The XL1 offers a European combined fuel consumption rating of 261 miles per gallon (more than 200 mpg estimated in the U.S. cycle). By way of comparison, the U.S. average for new passenger vehicles is currently around 32 mpg and forecast to reach 54 mpg by 2025. The XL1 goes 32 miles in all-electric mode as a zero-emissions car, with top speed of 99 mph, accelerating from 0 to 62 mph in 12.7 seconds.
“The XL1 offers a glimpse into Volkswagen’s present and future eco-mobility capabilities, and highlights the ultimate successes of ‘Thinking Blue’,” said Oliver Schmidt, General Manager of the Engineering and Environmental Office (EEO), Volkswagen Group of America. “Volkswagen is proud to debut this ultra-fuel-efficient vehicle before the Society of Environmental Journalists, a group that shares in our commitment to environmental stewardship.”

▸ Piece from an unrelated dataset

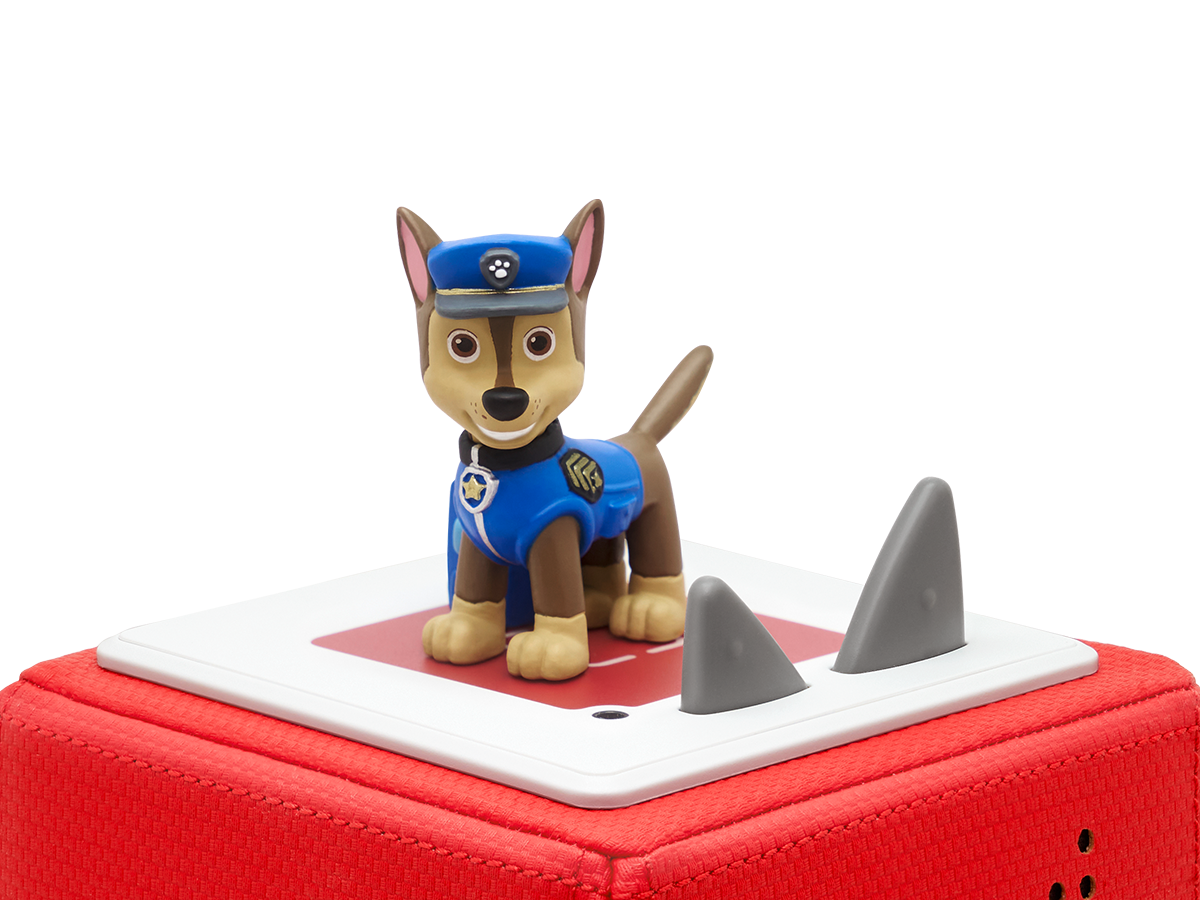 tonies Hörfigur für Toniebox: Paw Patrol Die Rettung der Meeresschildkröten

The XL1 follows pure sports-car design principles: light weight (1753 pounds), exceptional aerodynamics (Cd 0.19), and a low centre of gravity. This super-efficient vehicle has the ability to cruise down the road at a constant 62 mph while using just 8.4 PS (6.2kW) horsepower. In all-electric mode, it requires less than 0.1 kWh to cover more than a kilometre.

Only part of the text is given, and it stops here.